[Stored items from a collection]
________________________________________

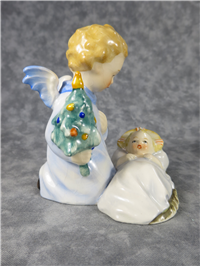 ANGEL & BABY JESUS Nativity Figurine (Goebel HX 262, TMK)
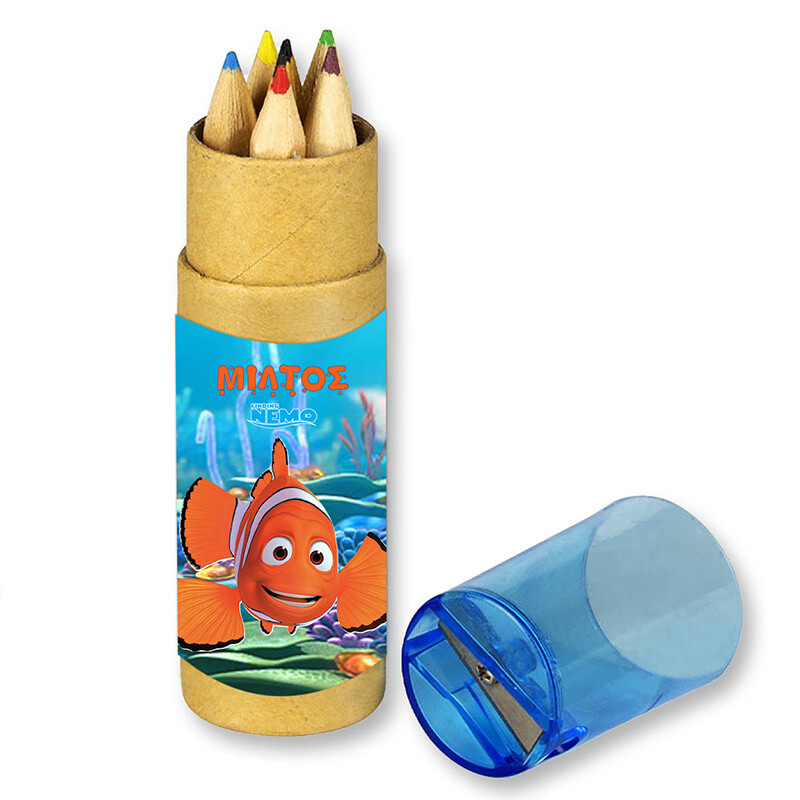 Nemo Ξυλομπογιές με όνομα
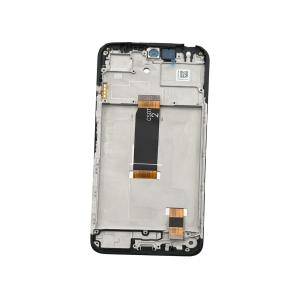 DISPLAY LCD PER XIAOMI REDMI 13X 4G 24049RN28L NERO CON FRAME 560004N19AR00 - SERVICE PACK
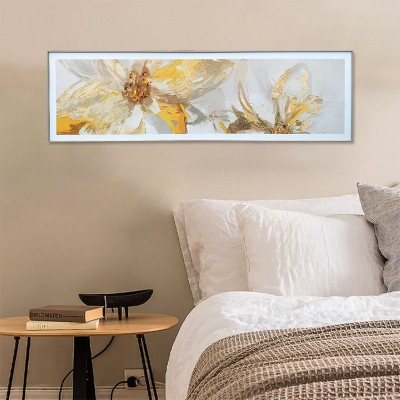 JLCTH1-6肌理床头画 卧室床头装饰画 肌理简约背景画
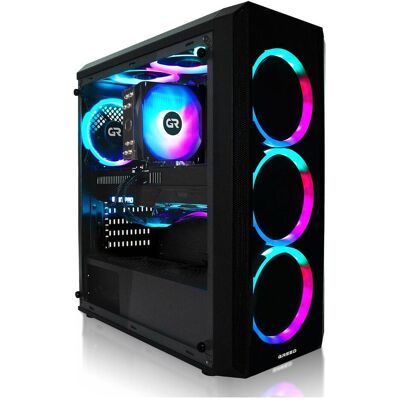 GREED MK2 AMD Lite - AMD Ryzen 5 4600G - 16 GB RAM - 512 GB SSD - Radeon RX Vega 7 - Windows 11 Pro - PC Gaming GREED MK2 AMD Lite - AMD Ryzen 5 4600G - 16 GB RAM - 512 GB SSD - Radeon RX Vega 7 - Windows 11 Pro - PC Gaming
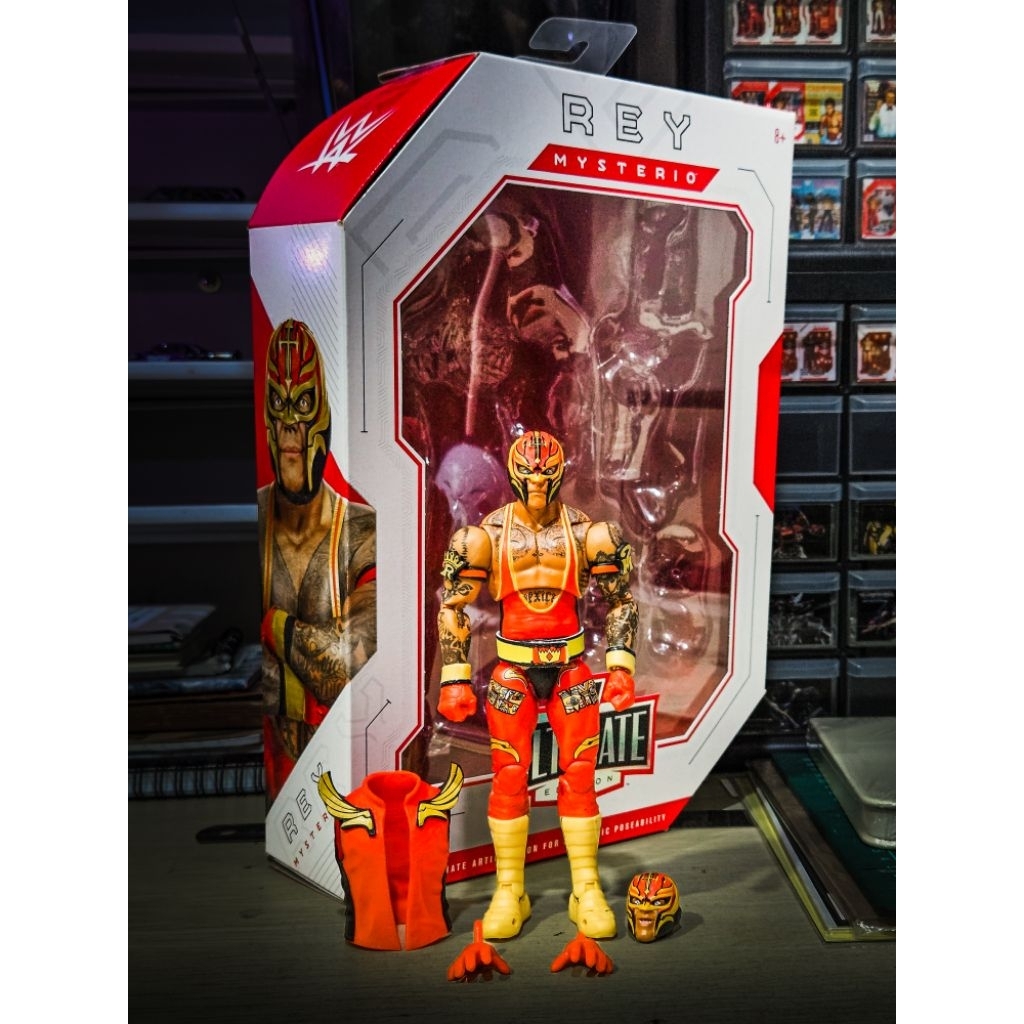 2024 WWE Mattel Ultimate Edition Series 23 Rey Mysterio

________________________________________

# WHAT THE EXERCISE ASKS
Copy the records exactly. Skip the images.

# FINISHED EXERCISE
 ANGEL & BABY JESUS Nativity Figurine (Goebel HX 262, TMK)
 Nemo Ξυλομπογιές με όνομα
 DISPLAY LCD PER XIAOMI REDMI 13X 4G 24049RN28L NERO CON FRAME 560004N19AR00 - SERVICE PACK
 JLCTH1-6肌理床头画 卧室床头装饰画 肌理简约背景画
 GREED MK2 AMD Lite - AMD Ryzen 5 4600G - 16 GB RAM - 512 GB SSD - Radeon RX Vega 7 - Windows 11 Pro - PC Gaming GREED MK2 AMD Lite - AMD Ryzen 5 4600G - 16 GB RAM - 512 GB SSD - Radeon RX Vega 7 - Windows 11 Pro - PC Gaming
 2024 WWE Mattel Ultimate Edition Series 23 Rey Mysterio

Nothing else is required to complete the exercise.